(A short and unapproved report of the talk Fiona Dove gave at the conference on 'The Left and the Crisis', with excuses for stonecoalenglish from the reporter. This is part of a report of the conference Links en de Crisis (The Left and the Crisis) that took place on December 13 2008 in Amsterdam (see for the rest of the report here).


Impact of the crisis in the south and linking with the demands here and elsewhere in the world.

This crisis is occurring in a multiplicity of crises – inequality, social, food, climate. The general view in the south – of course hard to generalize the south – is that of the convergence of crises. Many developing countries are not linked to the international financial system. What we are seeing across the developing world is capital flight, coming back to countries like Holland where it feels safe for capital.

Foreign direct investment is declining. Most developing countries are seen as risky and not credit worthy enough. Many of these counties are indepted countries and this will make the debt worse. This has impact on private business as well. High rates of bankruptcy and unemployment. For example South-African valuta lost value. Price of commodities is falling and consequently import is falling.

Where countries have produced they are unable to export it. Everybody is anticipating that aid will decrease. Africa is very aid dependent. GDP in the north goes down so proportion of aid in absolute sence goes down. Migrant workers are losing their jobs. This also has impact on the remittances and hits families dependent on it.

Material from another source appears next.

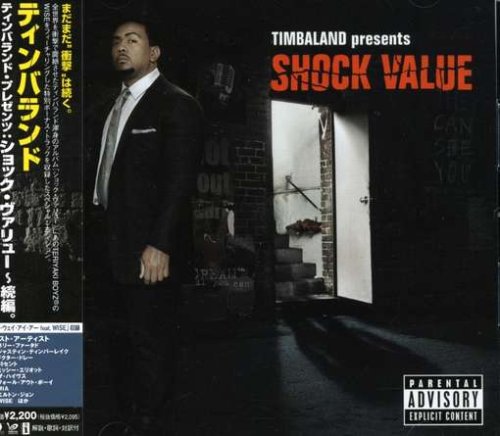 Timbaland Presents Shock Value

In Bangladesh orders for ready made garments dropped 7% in September. In Kenia the roses production is suffering because Europeans aren't buying them now. The  Indian rupee has never been so low to the dollar. The expected growth rate of Brazil has halved. Net result is recession and increase in social conflict.

Responses.
1. the mainstream response coming largely from the north.
2. alternative responses: IMF is put central to the solution by the north, which is something that we as activists should oppose. At the G20 conference earlier this month there was a strong defense of neoliberalism. There is a crisis of the model but it's strongly defended still. WTO could be dead but keeps going. EU is aggressively pushing free trade agreements with vulnerable countries in parts of Africa and Carribean. Same with Southeast-Asia but also with countries in the Pacific and China. One of the effects of EU-policy is that regional block is broken and splitted and redefines what constitutes a region. They are choosing the weakest countries in signing agreements with threats of pulling out aid. Mainstream efforts are basically about maintaining the status quo. The IMF is in many ways the blame for this crisis en was not being able to predict this crisis. It's establishing new credit faciltities that will only benefit the more developed countries. We also do not see real conditions put for the banks that are nationlized. Once things are stabilized it appears they are given back to the market.

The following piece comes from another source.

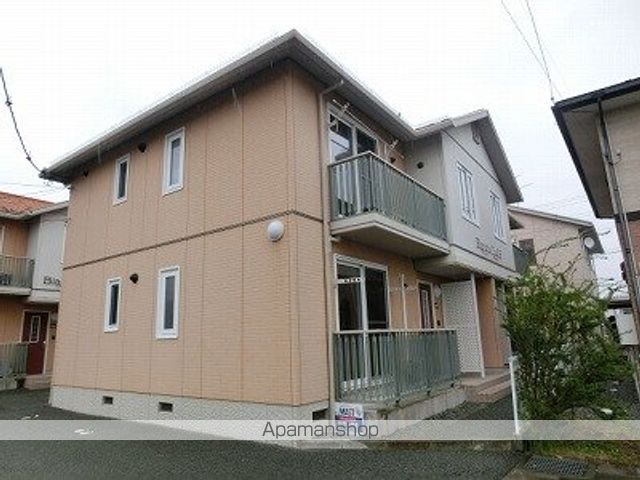 ブランシェ エフ&エイトBの外観写真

Responses from the south: Before the crisis expereriences with alternatives existed especially in Latin America. A Whole lot of progressive governements got elected that picked up some of these alternatives from the movements. TeleSur, combining 5 countries provides an alternative to CNN. There are talks of PetrolSur as an OPEC for Latin America. The Banco del Sur is set up with social criteria for lending as alternative to the worldbank. The People's Trade Treaty that provides trade deals that are not about profit.

China is very contradictory. Before the crisis it was mainly reacting to its environmental crisis. They have a banking policy called green credit policy in which they blacklist polluting companies and give credit to more enviromental friendly companies. That shows its effects now. Instituting a directive of how banks lend.

The food crisis asked for a first real response from the South. A new president at the UN assembly from Nicaragua with a committee apointed working on the crisis. A former Maleysian unionist is on the committee and an Ecuadorian minister in favor of shifting models of economic growth to models of growth in well being. Putting the economy at the service of society. Very much pushed by Ecuador and Bolivia. The question is what this UN task force is going to do?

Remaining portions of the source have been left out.